Metaphysics is the philosophical “speculation upon questions that are unanswerable to scientific observation, analysis, or experiment.” The novelist Kevin Brockmeier, named one of the “best young American novelists” by the literary magazine Granta, seems to be well on his way to creating his own genre – metaphysical fiction.
Brockmeier is building his literary career by shining a light into the areas where the timid among us would rather not look. What sets Brockmeier apart from novelists like, say, Chuck Palahniuk who use the approach to shock and provoke readers, is that he tell his stories with an understated grace. His novels unfold in a straightforward manner with no attempt to explain the fantastic events that are taking place. The unexplainable just happens.
Brockmeier’s previous novel A Brief History of the Dead takes place largely in The City, a sort of way station where people arrive after they’ve died. The dead remain in The City as long as they are remembered on Earth. What happens when they leave the City is a mystery as are the events on Earth, which are having an impact on the dwindling population of the City. It’s a haunting novel that marked Brockmeier as an author to watch.
The premise of his new novel, The Illumination, is a world where one day physical pain is suddenly visible as a shining light emanating from their bodies of the afflicted, which the news channels dub “the Illumination.”

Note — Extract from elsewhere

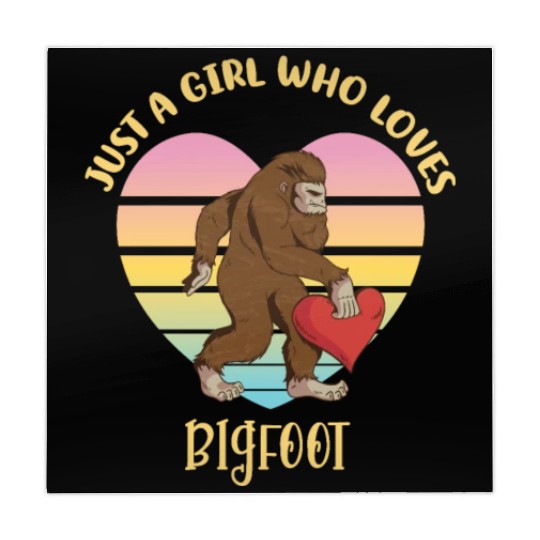 Just A Girl Who Loves Bigfoot Mahjong Mats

“The world had changed in the wake of the Illumination. No one could disguise his pain anymore, You could hardly step out in public without noticing the impacted heel showing through her slingbacks; and over there hailing a taxi, a woman with shimmering pressure marks where her pants cut into her gut; and behind her, beneath the awning of the flower shop, a man lit all over in a glory of leukemia.”
The effect of the illumination is to make that part of themselves that people try to hide from the world visible and beautiful to others. The brave face has been removed.
With each chapter, The Illumination explores the phenomenon’s impact through a new character, the stories linked by the passing of a young wife’s journal of the daily love notes that her husband left each morning on the refrigerator.
“I love how embarrassing you find your middle name. I love your Free Cell addiction. I love how irritated you get at smiley face icons…I love the way you’ll hold a new book to your face and fan through the pages to inhale the scent.”
Passing from person to person by theft, gift, or blind luck, the notebook links the characters, knowingly or unknowingly, one to another. The notebook becomes a curiosity for some of its owners, for others it becomes a talisman, carried around as a proof that there is a better life out there somewhere. Only a very few choose to let it go.
One might expect visible pain to lead to greater compassion and understanding, a kumbaya moment so to speak. Or for the notebook, with all of it’s echoes of a Nicholas Sparks novel, to tip this taut novel into a sappy mess. Brockmeier, however, skirts the maudlin and makes the story about our imperfect world, where tabloids exploit the phenomenon with photos of particularly beautiful suffering and people quickly learn to look away and maintain a professional, disinterested distance.
The Illumination is a gripping read that raises ‘Big Questions’ that stick with the reader long after the book is closed. Brockmeier’s “what if” storytelling is one more blow to the crumbling barrier between science fiction and literary fiction.